Benjamin Todd Jealous, Julian Bond Speak to the Press 8:17 PM: I wish I had the chance to ask Jealous or Bond about corporate sponsorships of the convention or the Troy Davis death penalty case. None of the members of the press came close to asking those questions; a press person from the NAACP handpicked corporate media reporters from USAToday, the Associated Press, and the New York Daily News. I think my favorite question was from a reporter for the NY Daily News, who asked Jealous “how he felt” being in the Grand Ballroom. Nice use of your time! Does this post sound bitter? I’m tired and hungry, so I’m signing off.

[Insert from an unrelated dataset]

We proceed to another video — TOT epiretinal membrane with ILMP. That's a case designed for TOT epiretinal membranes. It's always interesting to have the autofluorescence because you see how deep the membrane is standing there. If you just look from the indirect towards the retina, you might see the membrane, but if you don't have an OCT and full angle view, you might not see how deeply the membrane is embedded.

Hazel Dukes Speaks, 7:50 PM: Hazel Dukes, president of the NAACP New York State Conference, is giving a post-Obama speech statement to the press. She says she is elated after Obama’s speech, and launched into a discussion about the importance of education. “I want our children to begin education at an early age,” Dukes said. She went on, saying that President Obama “told America what we have to do, not just for African Americans, but for all children.” A question was asked about mayoral control of schools in New York State, and Dukes said that she did not support it when the original plan surfaced, and that parents need to be involved.
A Short Speech Ends, 7:45 PM: I wasn’t really keeping track of the time, but that speech had to have lasted only about twenty to thirty minutes. By the end of it, Obama was proving why he has been called one of the greatest political orators of our time. In a campaign-style, emotional closing, President Obama looked to the next one hundred years, saying that he knows America will continue to improve.

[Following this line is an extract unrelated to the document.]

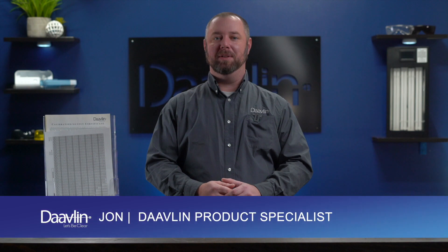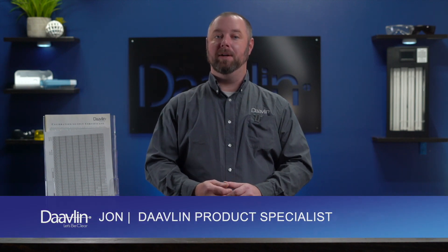Hi everyone, John here from Davlin. If you're watching this video, you've received your Davlin home phototherapy device and you're on your way to Living Clear. In this video, we'll show you how to use your doctor's treatment plan to get started with your home phototherapy.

Emphasizing Education, 7:35 PM: President Obama emphasized the importance of education for Americans, particularly for black Americans. In a familiar line he urged parents to “turn off that XBox,” and “get your kids to bed on time.” “Your destiny is in your hands,” Obama said. (10:17 PM: Looking back on that sentence, I should have included this particularly incisive critique of Obama’s rhetoric towards black audiences that he repeated earlier tonight, from Counterpunch.

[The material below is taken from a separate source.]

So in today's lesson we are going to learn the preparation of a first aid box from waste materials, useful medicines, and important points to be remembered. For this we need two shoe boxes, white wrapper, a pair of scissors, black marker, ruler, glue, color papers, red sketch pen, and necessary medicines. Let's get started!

Sounding More Progressive? 7:15 PM: This speech sounds like the Obama that captured some liberal Democratic hearts in the primary campaign. President Obama started the meat of his speech by mentioning the fact that African Americans are disproportionately bearing the brunt of the economic recession. He mentioned New York City Comptroller Bill Thompson’s report that the unemployment rate among African Americans has rose four times faster than other ethnic groups. Obama talked about his health care plan, and how African Americans suffer from health problems more than other ethnic groups, and that incarceration rates among blacks are higher than other ethnic groups. “These are some of the barriers of our time. They’re very different from the barriers faced by other generations,” he said. Going on, Obama says that while discrimination is at it’s “lowest” in the United States, “Make no mistake, the pain of discrimination is still felt in America,” pointing to the Latino, LGBT and Muslim experience in the U.S.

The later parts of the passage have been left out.